Current June 2026
Rabbi Sharon Stiefel
Ritualwell
One of my favorite websites is Ritualwell, an online collection of contemporary Jewish prayers, poems, ceremonies, and spiritual practices.
Back when I was in rabbinical school in the 1980s, we had something called “The Creative Liturgy File.” In a large file cabinet, I could poke around and discover how others had crafted a baby naming, created a ritual for obtaining a driver’s license, or assembled a booklet for wedding guests. These were resources and rituals we often could not find anywhere else. According to Ritualwell’s history,
Beginning in the early 1990s, the Kolot Center for Jewish Women’s and Gender Studies at the Reconstructionist Rabbinical College amassed a treasure trove of new Jewish rituals. Responding to the call for resources that speak to the experiences of women and LGBTQ people, the collection expanded with inclusive rituals, prayers, poems, ceremonies and songs for all lifecycle moments. The filing cabinet of folders and photocopies grew as demand increased over the years. In partnership with the Jewish feminist organization Ma’yan, in 2001 Ritualwell.org was created to house this growing collection.

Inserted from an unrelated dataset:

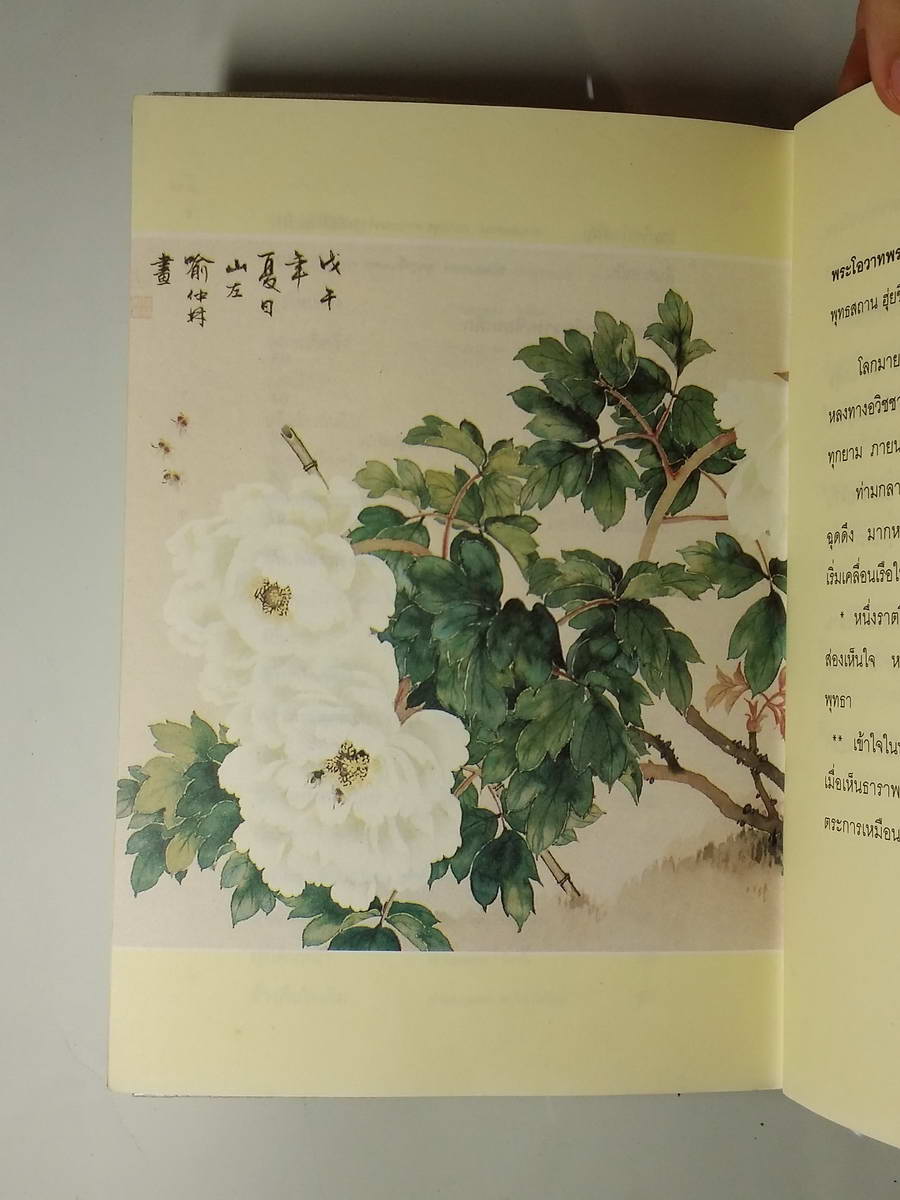 หนังสือมือสอง 247 เพลงธรรม 4 แสงจ้าเกิด ด้วยเข้าใจ จิตเดิม รู้ญาณจริง กายและใจว่าง พลัน กำเนิดพลังอัน แยบยล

Thank goodness for the website! Today, Ritualwell contains more than 2,300 rituals and resources. Imagine how many filing cabinets that would take!
When Mayim Rabim began holding Zoom services during the pandemic (later followed by hybrid gatherings) I began curating prayers and readings to share on the screen rather than relying on the limited selections available in our prayerbook Kol Haneshamah. One of my go-to sources has consistently been Ritualwell. Wherever we are in the Jewish year, I can almost always find meaningful material. There are prayers for Jewish and secular holidays, reflections connected to the weekly Torah portion, new perspectives on prayers in our services, and meditations for times of uncertainty.

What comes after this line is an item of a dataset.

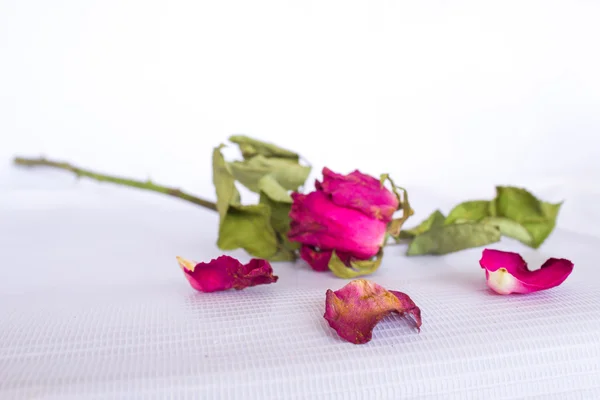 Torkad rosa ros — Stockfoto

The website includes sections such as Israel Today, Lifecycles, Healing and Hard Times, Everyday Holiness, Holidays, and Shabbat. Within each are dozens of categories. Under Lifecycles alone, there are resources for growing older, gender and sexual identity, sanctifying and ending relationships, adoption, and retirement. Throughout the site there are blessings for beginning therapy, prayers for democracy, meditations for difficult news cycles, and rituals honoring gender transition and identity.

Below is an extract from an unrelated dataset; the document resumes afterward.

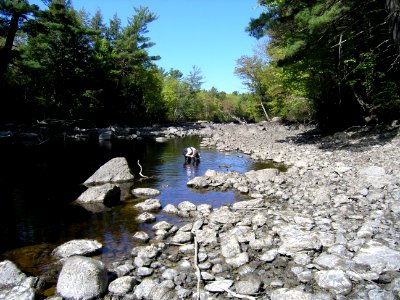 Surveying for Mussels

Ritualwell helps answer an important contemporary Jewish question: How do we mark milestones and experiences our ancestors never imagined?
What I appreciate most is that these new rituals are not disconnected from tradition. Many draw deeply from Jewish texts, symbols, and practices that support the Judaism of our time, keeping it responsive to the realities of contemporary life.
As summer begins, I invite you to spend a little time exploring Ritualwell (https://ritualwell.org/). You may discover a blessing you didn’t know you needed, words for an experience you have struggled to name, or inspiration to create rituals of your own. Perhaps that is the most important lesson of all: Judaism is not only given to us. It is also something we continue to create together.